A woman across the aisle and one seat ahead of me on the Metra train from the suburbs into Chicago was telling her friends about recently tattooing her eyebrows. She pointed to her brows’ exquisite arch and fullness. As she described the aesthetician drawing every brow hair I rolled my inner eyes and felt entirely inadequate. I hadn’t showered. My face was naked as a baby’s bottom but not nearly as smooth. I could feel a stress zit popping out on my right nostril and knew that a lighted mirror would reveal pours big enough to swim in. The bounce of Eyebrow’s leopard print hair scarf made me acutely aware of my upper arms. I tried to remember if I had put on deodorant.
Eyebrow was surrounded a swarm of young women heading to a party, to fun, to an adventure together. Their French tip manicures fluttered in the air, their perfectly white teeth flashed and the sun glinted off their lip gloss. They all drank white wine out of cans. I wondered where they learned all that, all that art of being female.

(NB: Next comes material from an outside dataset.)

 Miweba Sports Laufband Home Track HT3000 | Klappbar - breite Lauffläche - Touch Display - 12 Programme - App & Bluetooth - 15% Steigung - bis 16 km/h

I glanced down at my chipped pedicure and calloused heals. I pulled my sweater to hide my paunch. The salad I made for the party had leaked all over the inside of my backpack. Eyebrow was the queen bee of a girls’ night out. I would walk into a room of friends and strangers alone, again, and would want to leave as soon as I arrived.
One of the swarm made a joke and Eyebrow kicked up her right foot in glee. I saw a flash of white on the sole of her stylish platform sandal. It was a perfectly square sticker, a price tag from a discount shoe place, from DSW or Nordstrom Rack. I had found the chink in her perfection. I rolled my eyes at my glee at finding it. I extended forgiveness to her, of which she had no need. And to myself, of which I did.